Hey guys I needed a way to add some natural concealment to my Summit Bushmaster Climber so I went to the hardware store on bought some 45 degree angles of pvc pipe and some 90's. I painted them green and zip tied them to the front of the foot platform on the the uprights. I just slide some fresh cut branches from the area into them and have good natural cover. If I new how to add pics I would post them.


----------



## ILBowHuntFreak (Mar 12, 2008)




----------



## bigmace (Jul 12, 2011)

very smart! they dont stand a chance now hahah.


----------



## Progulf7 (Jan 16, 2007)

Go ahead and mark yourself down for a double droptine 23pt. bruiser!
brilliant idea man


----------



## Skunkworkx (Apr 2, 2011)

Great cheap idea that will work on any stand 

Off to Lowes :wink: LOL


----------



## 09Airborne82 (Sep 7, 2011)

Brilliant!! I've got a bunch of pvc fittings left over from my basement reno and a climber that needs some plumbing!! I guess I'll be busy before heading out tomorrow morning!!


----------



## dmgiss (Mar 18, 2010)

Smart thinking...Might have to give this a try. thanks for sharing.


----------



## Brock-ID (Apr 2, 2005)

Great idea! I don't have a climber, I have hang on's. That trick would work great for them too.


----------



## hunt123 (Jan 17, 2009)

Heck of an idea! Thanks for posting.


----------



## Redball409 (Jan 21, 2010)

Very good idea. One thing I do differently is to use rubber hose. It's a bit quieter, flexible, and rubber grips the branches really well. 
Zip ties are my preferred attachment as well. 
Good job.


----------



## ILBowHuntFreak (Mar 12, 2008)

Redball409 said:


> Very good idea. One thing I do differently is to use rubber hose. It's a bit quieter, flexible, and rubber grips the branches really well.
> Zip ties are my preferred attachment as well.
> Good job.


I tried the rubber hose and found it to be too flexible to hold up the branches I was cutting. As for the noise I really cant say that the PVC makes too much noise when I cut a branch and stick it in. I just trim some natural cover and jam them in the pipe and done Really no noise at all.


----------



## Buckfever1613 (Aug 2, 2007)

Would it be possible to use artificial christmas tree limbs or do you think they would look to out of place?


----------



## Redball409 (Jan 21, 2010)

ILBowHuntFreak said:


> I tried the rubber hose and found it to be too flexible to hold up the branches I was cutting. As for the noise I really cant say that the PVC makes too much noise when I cut a branch and stick it in. I just trim some natural cover and jam them in the pipe and done Really no noise at all.
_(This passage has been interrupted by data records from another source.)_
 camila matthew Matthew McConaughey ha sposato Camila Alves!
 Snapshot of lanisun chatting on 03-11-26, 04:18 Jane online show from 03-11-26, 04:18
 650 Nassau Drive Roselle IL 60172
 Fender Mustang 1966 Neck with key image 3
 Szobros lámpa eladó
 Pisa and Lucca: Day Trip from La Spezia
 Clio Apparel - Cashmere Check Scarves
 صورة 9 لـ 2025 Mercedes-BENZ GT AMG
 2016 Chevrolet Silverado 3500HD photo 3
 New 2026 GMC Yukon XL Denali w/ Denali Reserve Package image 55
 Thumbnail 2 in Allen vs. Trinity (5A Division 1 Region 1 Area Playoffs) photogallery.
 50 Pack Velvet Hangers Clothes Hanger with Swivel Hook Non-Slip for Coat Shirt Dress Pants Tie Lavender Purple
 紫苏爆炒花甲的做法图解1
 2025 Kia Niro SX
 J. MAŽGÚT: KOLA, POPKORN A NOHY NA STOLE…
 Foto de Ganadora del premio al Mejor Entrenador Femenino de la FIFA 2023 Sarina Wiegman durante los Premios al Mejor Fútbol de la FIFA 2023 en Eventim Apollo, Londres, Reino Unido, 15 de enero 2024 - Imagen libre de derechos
Very good points, I do have an issue with the hose slipping when the branches get big. 
Good luck this season.


----------



## Redball409 (Jan 21, 2010)

Buckfever1613 said:


> Would it be possible to use artificial christmas tree limbs or do you think they would look to out of place?


I carry too much crap now. 
I think natural tree branches that match whatever tree you are in is best.


----------



## NJlungbuster (Sep 14, 2006)

What diameter pvc did you use? 3/4", 1"??? Thanks for the great idea.


----------